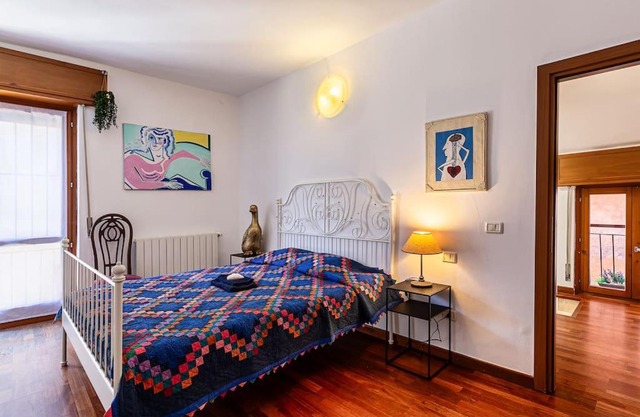 Originale Casa dell'Artista nel centro storico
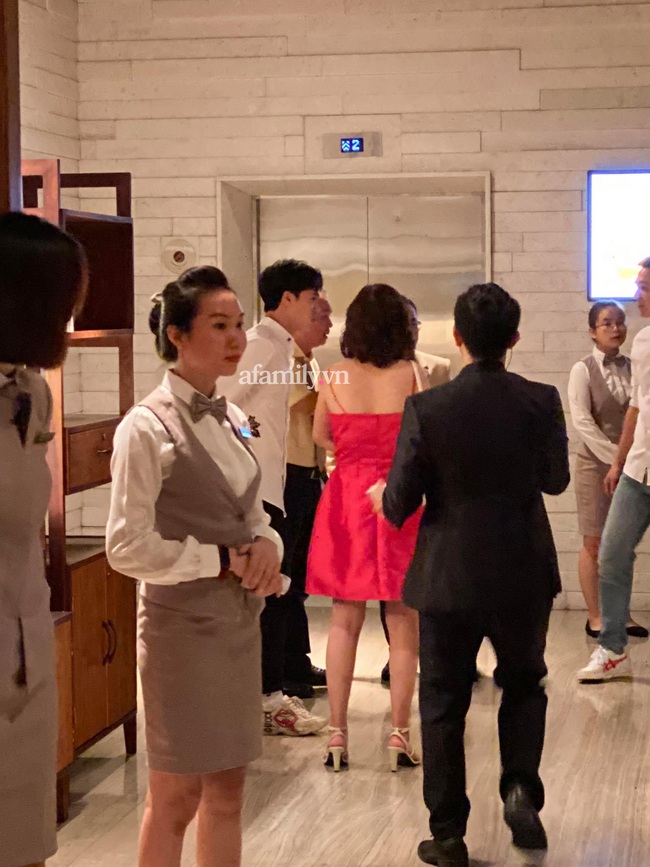 Bầu Đức và dàn cầu thủ đã có mặt tại đám cưới của Công Phượng - Ảnh 1. Bầu Đức và dàn cầu thủ đã có mặt tại đám cưới của Công Phượng - Ảnh 1.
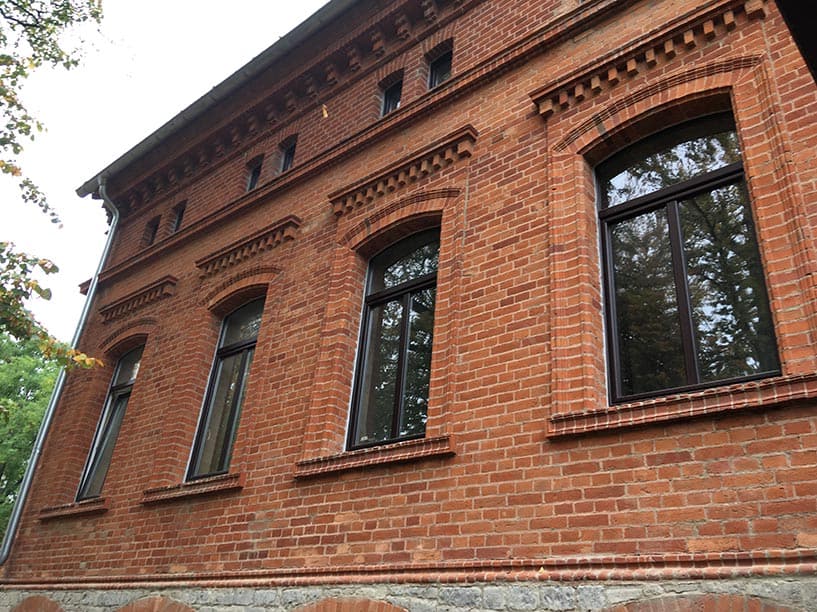 Kunststofffenster Mahagoni 1-Flügelig mit Glasteilender Sprosse & Oberlicht Festverglasung als Stichbogen Fenster 2 & 3-Fach Verglasung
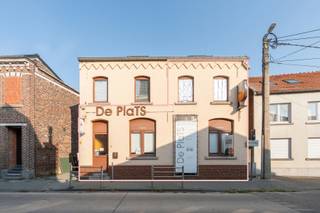 In het levendige centrum van Wommersom vind je dit charmante handelspand, vandaag uitgebaat als Café De Plats. Een plek waar gezelligheid...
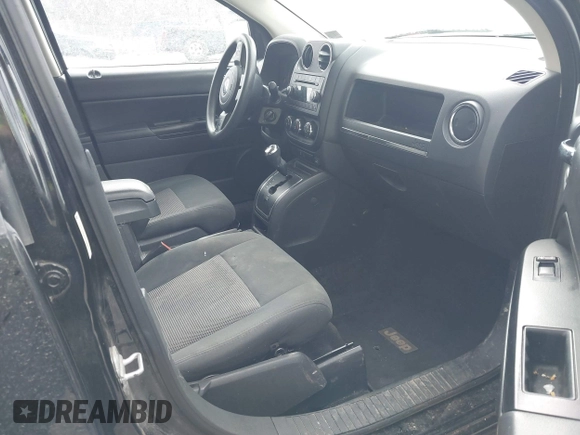 2013 Jeep Compass Sport with VIN 1C4NJDBB9DD113825, listed as a IAAI auction lot 41837328 with 79,745 mi miles. Bid and sale history available at carsss.com. Image 5.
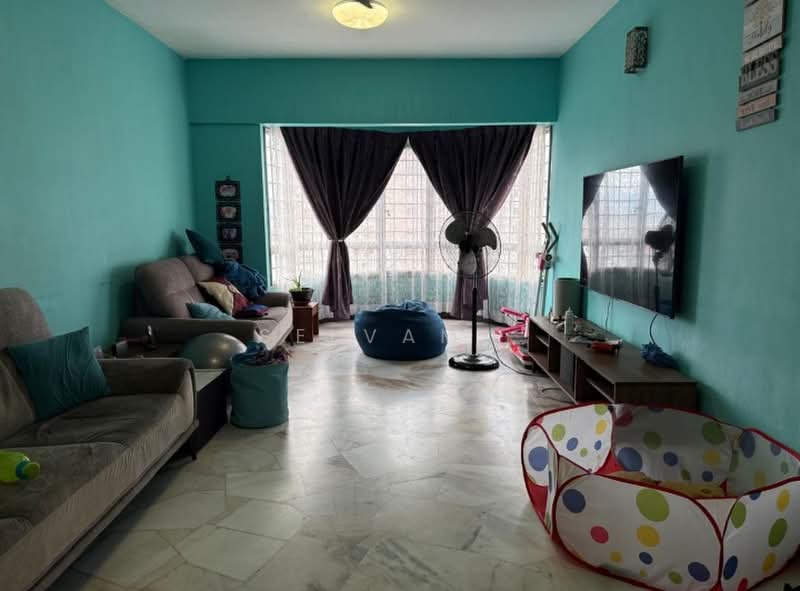 Pangsapuri untuk Dijual di Sri Intan 2 - Selvam . - Living Room - PropertyGuru.com.my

*What you will do:*
The pictures in the listing above are to be dropped, and everything else reproduced exactly.

*Answer for the task:*
 Originale Casa dell'Artista nel centro storico
 Bầu Đức và dàn cầu thủ đã có mặt tại đám cưới của Công Phượng - Ảnh 1. Bầu Đức và dàn cầu thủ đã có mặt tại đám cưới của Công Phượng - Ảnh 1.
 Kunststofffenster Mahagoni 1-Flügelig mit Glasteilender Sprosse & Oberlicht Festverglasung als Stichbogen Fenster 2 & 3-Fach Verglasung
 In het levendige centrum van Wommersom vind je dit charmante handelspand, vandaag uitgebaat als Café De Plats. Een plek waar gezelligheid...
 2013 Jeep Compass Sport with VIN 1C4NJDBB9DD113825, listed as a IAAI auction lot 41837328 with 79,745 mi miles. Bid and sale history available at carsss.com. Image 5.
 Pangsapuri untuk Dijual di Sri Intan 2 - Selvam . - Living Room - PropertyGuru.com.my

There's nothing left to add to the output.